Las Naciones Unidas exhorta al régimen de Israel acabar con la fragmentación geográfica de los territorios palestinos en la ocupada Cisjordania.

“Israel debe permitir que la Autoridad Palestina asuma el control de la seguridad en la Zona B y el control civil y de seguridad en la Zona C para así poner fin a la fragmentación geográfica de los territorios palestinos ocupados”, instó el viernes el relator especial de la Organización de las Naciones Unidas (ONU) sobre los Derechos Humanos en Palestina, Michael Lynk.

Los territorios ocupados palestinos están compuestos por tres zonas: la A que supone cerca de un 3 % del territorio y está bajo control administrativo y de la seguridad de la Autoridad Palestina, la B, que supone cerca del 30 % y está integrada por los pueblos, bajo control administrativo palestino y control de seguridad israelí, y la Zona C, plenamente controlado por el régimen de Tel Aviv.

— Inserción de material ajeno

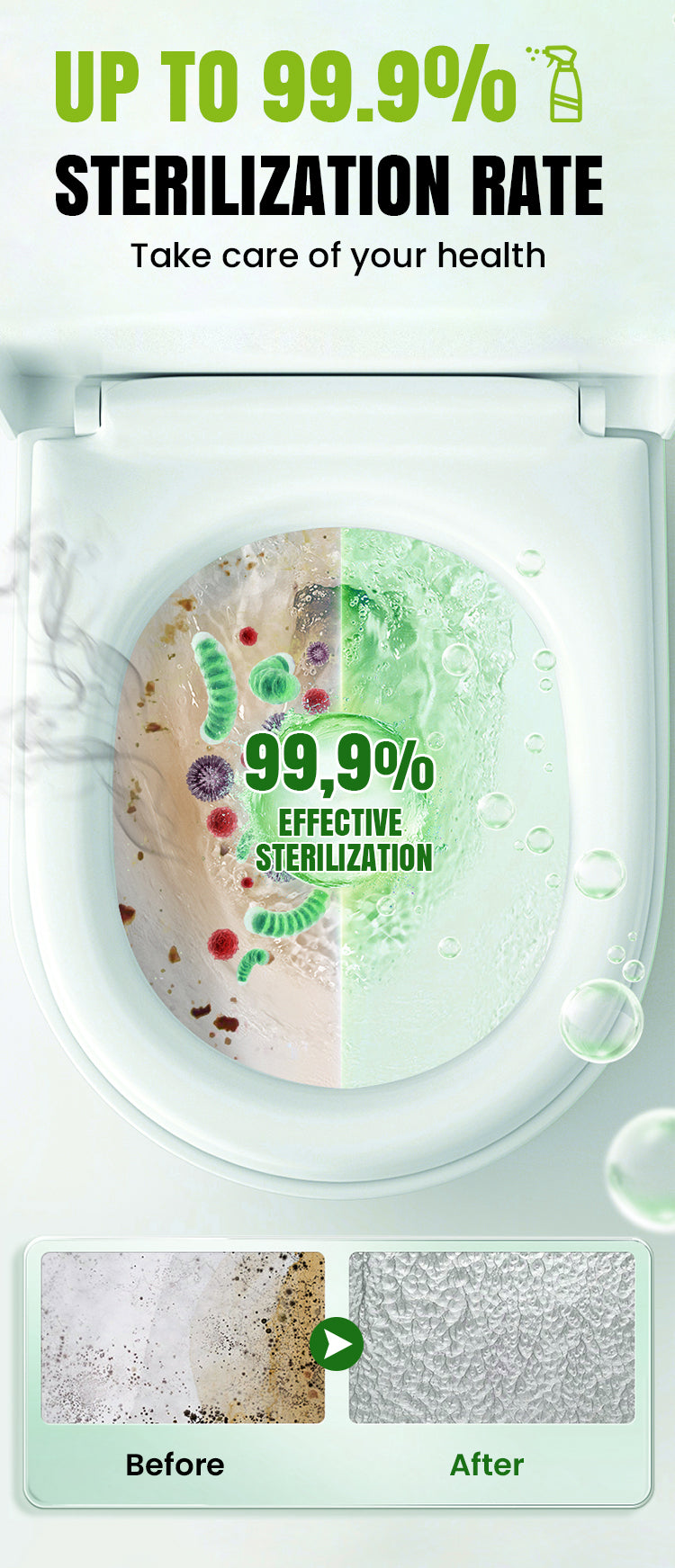 🌿Hochwirksamer Fleckenreiniger mit Oxalsäure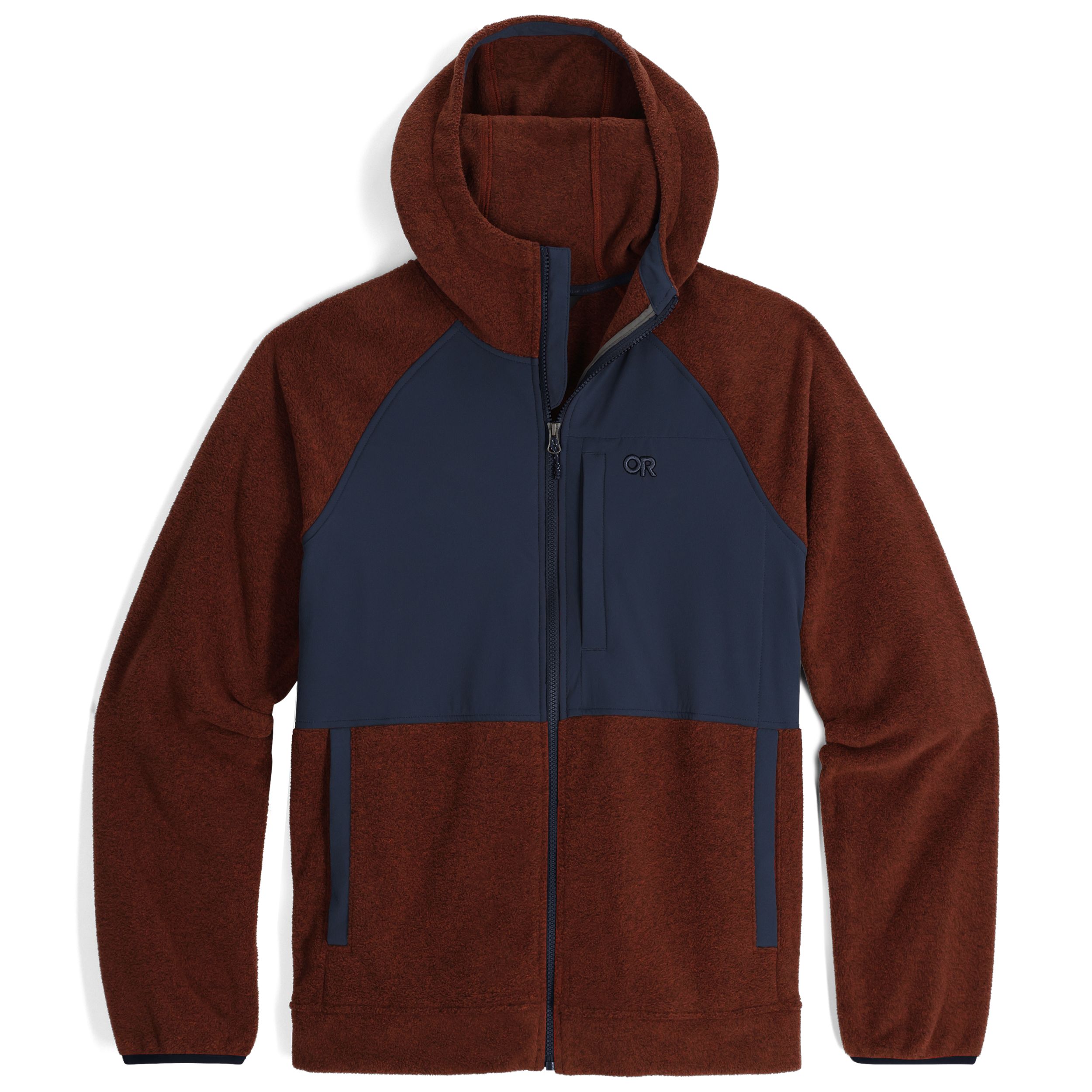 Outdoor Research Men's Polartec 200 Full Zip Hoodie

Israel debe permitir que la Autoridad Palestina asuma el control de la seguridad en la Zona B y el control civil y de seguridad en la Zona C para así poner fin a la fragmentación geográfica de los territorios palestinos ocupados”, instó el relator especial de la Organización de las Naciones Unidas (ONU) sobre los Derechos Humanos en Palestina, Michael Lynk.

El responsable de la ONU acusa a Israel de actuar como una “potencia colonial” y de haber obstruido el derecho de los palestinos a la autodeterminación.

“El régimen discriminatorio de Israel minimiza y excluye la participación de los palestinos. Israel debe dejar de destruir viviendas y propiedades incluso de las comunidades beduinas”, subrayó el relato de la ONU, según recoge el diario israelí Jerusalem Post.

 

En su informe, Lykn además ha denunciado que la creciente demolición de viviendas palestinas y la falta de permisos para construir suponen “un ambiente coactivo” que incrementa el riesgo de “traslados forzosos individuales y masivos”.

Más de medio millón de israelíes viven en más de 120 asentamientos ilegales construidos desde la ocupación de los territorios palestinos de Cisjordania y Al-Quds (Jerusalén) en la Guerra de los 6 Días, en 1967

Las colonias israelíes en los territorios palestinos son consideradas «ilegales» por la ONU, la Unión Europea (UE) y un gran número de países, ya que la Convención de Ginebra prohíbe también construir en tierras ocupadas.